Tuesday night’s big game gives Báez 21 homers and 56 RBI on the season — both of which rank in the Top 10 in the National League.

Overall, the Cubs lineup put together a solid night at the plate with 10 runs and 14 hits. Joc Pederson had 2 RBI hits while Kris Bryant, Ian Happ and Jake Marisnick also knocked in runs. Robinson Chirinos — who was signed Monday — homered in a pinch-hit appearance in the 9th inning.

It was the Cubs’ best offensive showing since May 29, when they scored 10 runs against the Reds.

“The positive is the offense may have found a spark and hopefully we can carry that into tomorrow,” Ross said.

Rostering

The Cubs also received some encouraging updates on the state of their pitching staff.

Trevor Williams was activated off the injured list Tuesday afternoon and threw 3.2 innings in relief. It was his first game action since May 26 after missing time with an appendectomy.

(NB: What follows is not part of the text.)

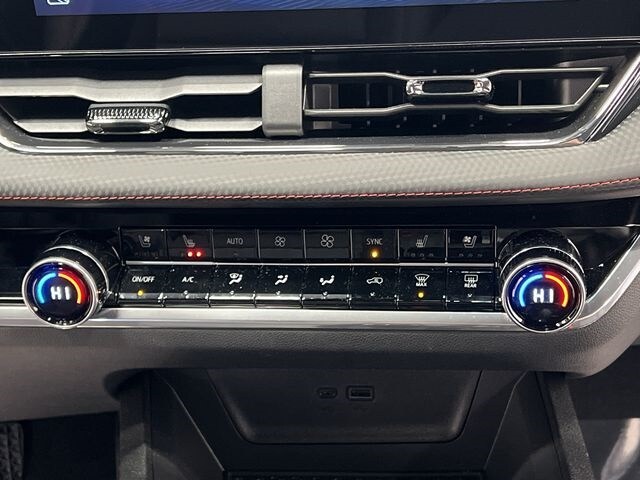 Thumbnail: 2025 Chevrolet Equinox - 16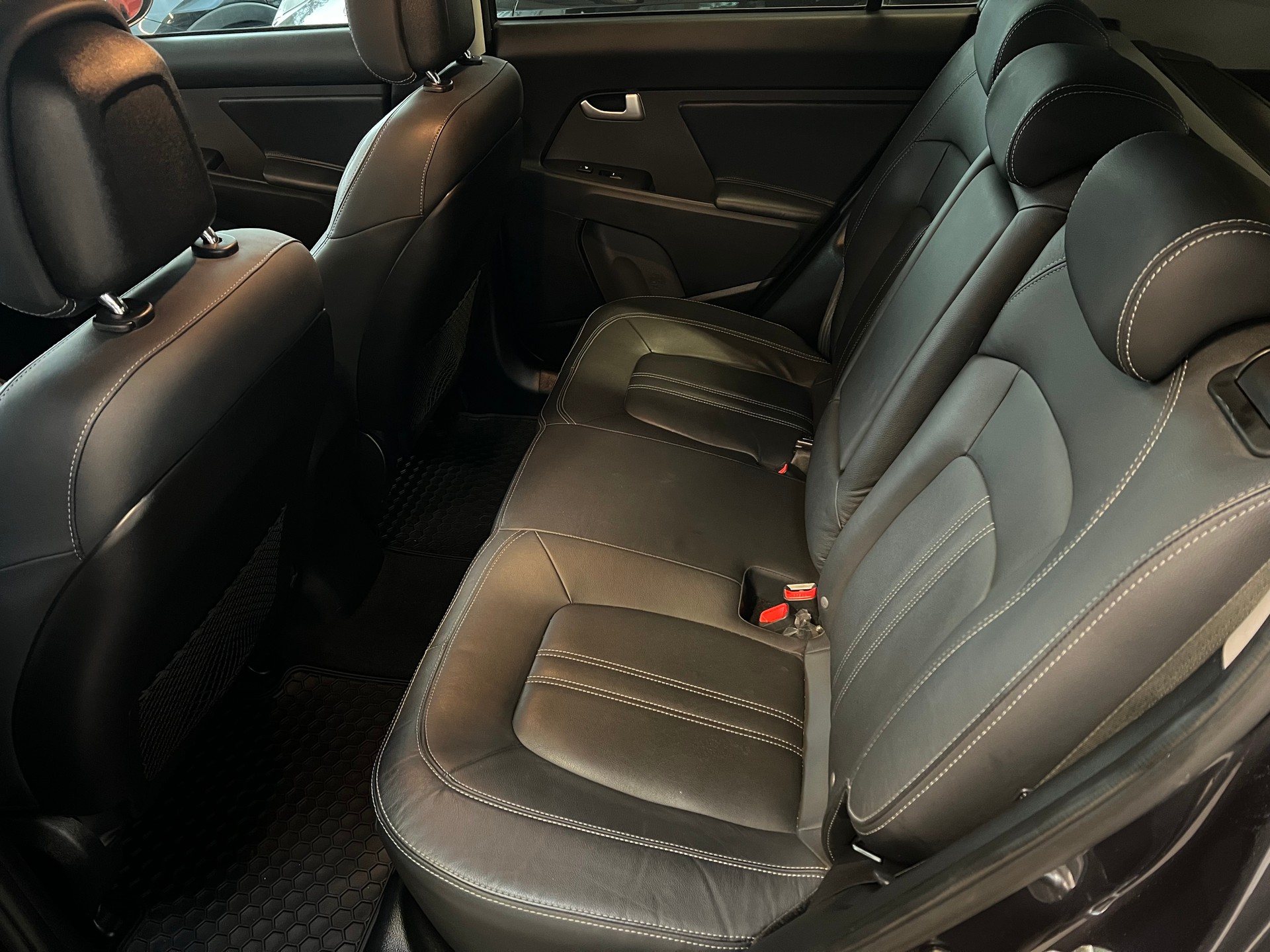 KIA Sportage 2.0 CRDi Style 4WD Automatic-image-11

Ryan Tepera (calf) threw a live BP session Tuesday to teammate Patrick Wisdom and is expected to come off the IL when first available Friday.

“He looked great,” Ross said. “We’ll see how he feels tomorrow. Obviously the next day is always important but good signs today.”

The Cubs also placed pitcher Kohl Stewart (elbow) and infielder Eric Sogard (thumb) on the 10-day IL, recalling Sergio Alcántara to take Sogard’s place on the roster.

Alcántara started Tuesday night’s game at second base and scored the Cubs’ first run in the 3rd inning.